I remember hating Church myself growing up (which is really funny since I have a degree in Church Music!) I hated it because I was bored. To. Tears. Those were the days before kid’s services, and I vividly remember sitting through our long-winded pastor’s two hour sermons. That weekly torture is one of my worst childhood memories.
Those who advocate for family worship are assuming the Christian cultural world-view of a Bible-believing family who attends church together dressed in their Sunday best (hence it works fine for traditional churches.) I don’t think family worship is as effective in our modern day where the parents may be even more clueless about Christianity than their own children.
It’s simple, really – don’t kids deserve a service tailored to them so they don’t end up “hating” boring adult church? (By the way, the kid I mentioned earlier grew up and today wouldn’t be caught dead at a church.) Bring the Gospel to their level. Songs in a key they can sing with words they can understand. Maybe a sermon about not pulling your sister’s hair would hit home a bit more than your typical baby-boomer-self-help-balancing-your-checkbook-type sermon.
If your Church’s mission is to seek, save and sanctify then a separate kid’s service makes more sense. It seems unchurched people DON’T necessarily care to have their kids in the service.

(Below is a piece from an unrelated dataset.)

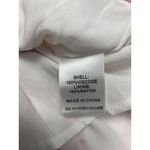 Lucy Paris  Womens Pink Tie-Dye  Cropped Shirt‎ S Photo 6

My friend Joe told me he invited his unchurched co-worker to visit one Sunday and the first question she asked was “do my kids have to sit with me?” (This was at the PCA Church so no, she didn’t visit.)
Parents cannot be revived and renewed by the Holy Spirit working through the music and message if they are constantly fussing with their misbehaving children. My mother noticed this one week at church – a young couple were distracted the entire service by their unruly young children. Mom said “why’d they even bother to come? They didn’t hear a word of the sermon.” Their constant bustling distracted everyone around them, too.
One of the few Churches who have the guts to pull off a strict “kids not allowed under any circumstances” policy is Newspring Church in Anderson, SC. They mean it – NO children in the service under 6th grade – kids are invited to attend one of their spectacularly appealing kid’s services. I can only imagine the bashing their poor ushers get from irate housewives.
So should you allow kids in your service? This is one of those many issues where the correct answer is “it depends.” Your ministry’s mission will dictate the response. There will always be Church people who insist on it, but from what I’ve seen, successful contemporary Churches have such appealing children’s ministries that kids actually look forward to attending their own service.